I've been experimenting with the R package 'biglasso' for high-dimensional data. However, the results I'm getting don't match the results I get for the LASSO functions from 'hdm' or 'glmnet. The documentation for biglasso is also really poor.
In the example below, the results from hdm and glmnet are very close but not exact, which is expected. However, biglasso doesn't drop the 'share' variable. I've tried all the different screen settings, and it doesn't make a difference. Any thoughts on how to get biglasso to be more consistent with the others? Thanks!

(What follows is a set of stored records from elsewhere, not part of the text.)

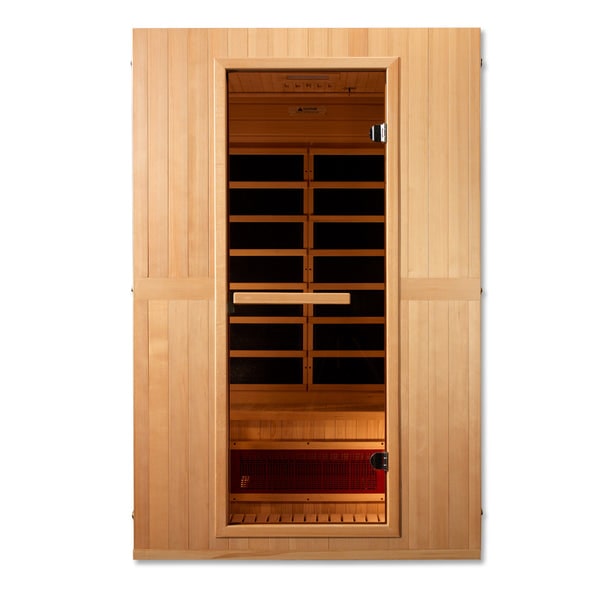 Golden Designs Maxxus "Serenity" Dual Tech 2-Person Low EMF FAR Infrared Sauna with Canadian Hemlock | MX-LS2-01-Sauna-Golden Designs-Nordica Sauna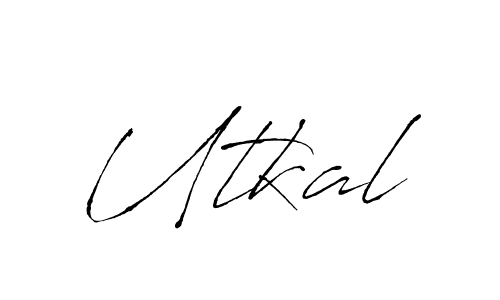 Utkal stylish signature style. Best Handwritten Sign (Antro_Vectra) for my name. Handwritten Signature Collection Ideas for my name Utkal. Utkal signature style 6 images and pictures png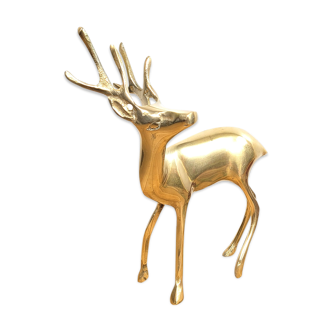 Brass Deer Statuette
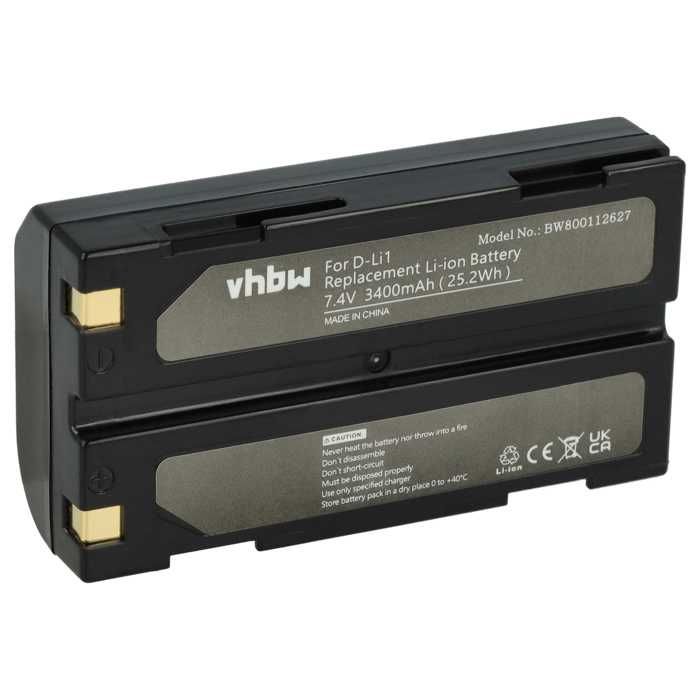vhbw Batterie compatible avec Spectra Precision Epoch 35 outil de mesure (3400mAh, 7,4V, Li-ion)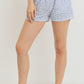 Leopard Printed Terry Short Pants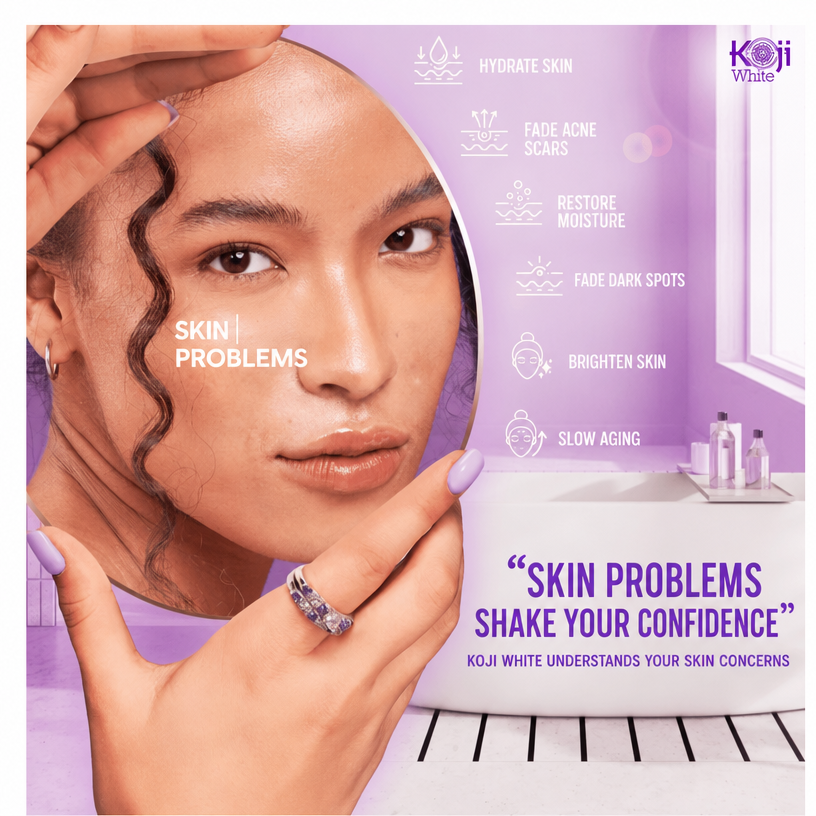 Koji White Kojic Acid & Hyaluronic Acid Brightening Soap – 2 x 80g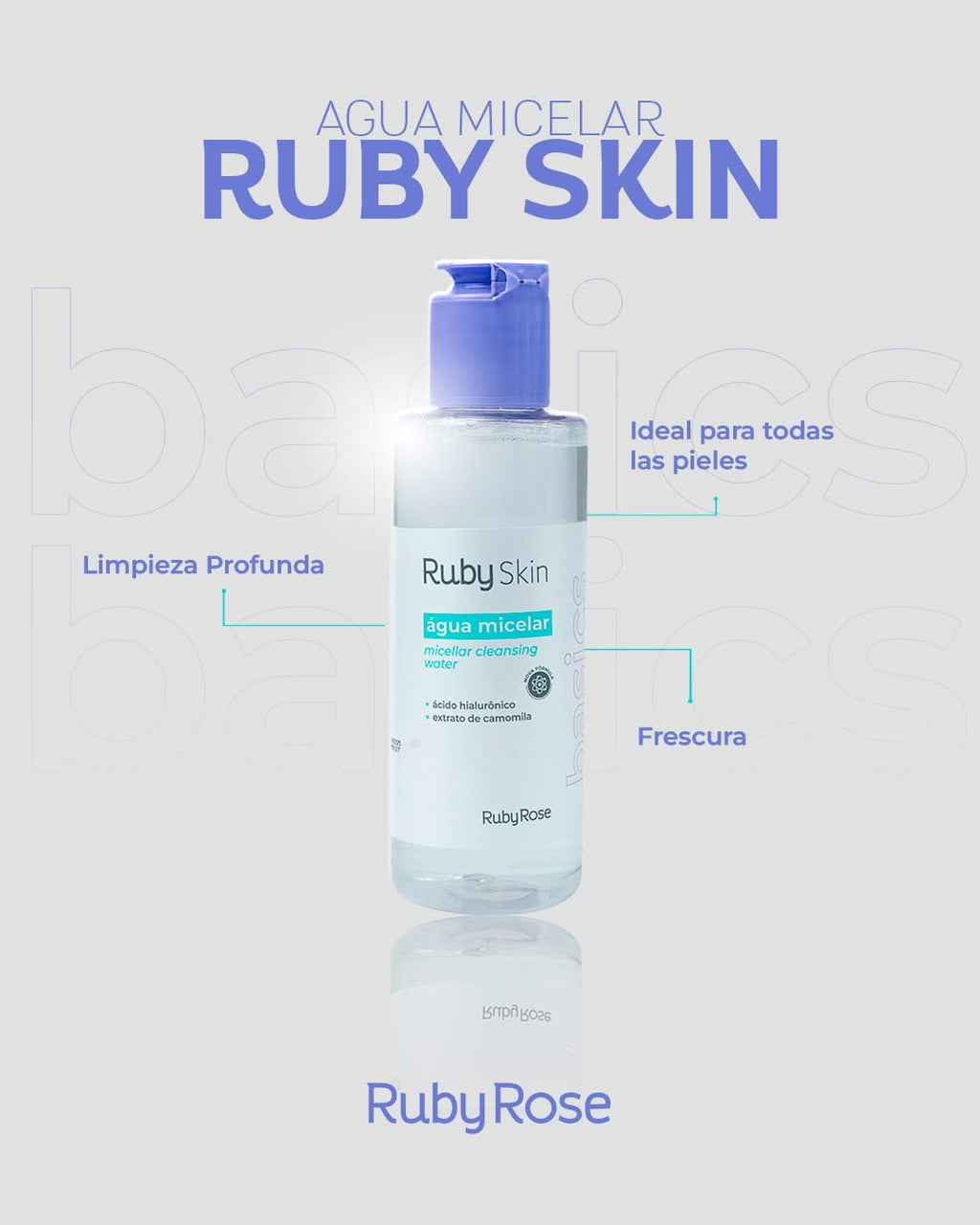 Agua Micelar Ruby Skin Basics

EDIT: for a given value of lambda, the results are highly similar. But each method seems to select a different lambda.. which for hdm makes sense, given that it's intended for causal inference and isn't concerned with out-of-sample prediction. hdm uses a different objective function from Belloni et al. (2012), but I'm not sure why cv.biglasso and cv.glmnet would differ so much. If I run biglasso without a screening rule, they should be maximizing the same objective function just with random diffs in the CV folds, no?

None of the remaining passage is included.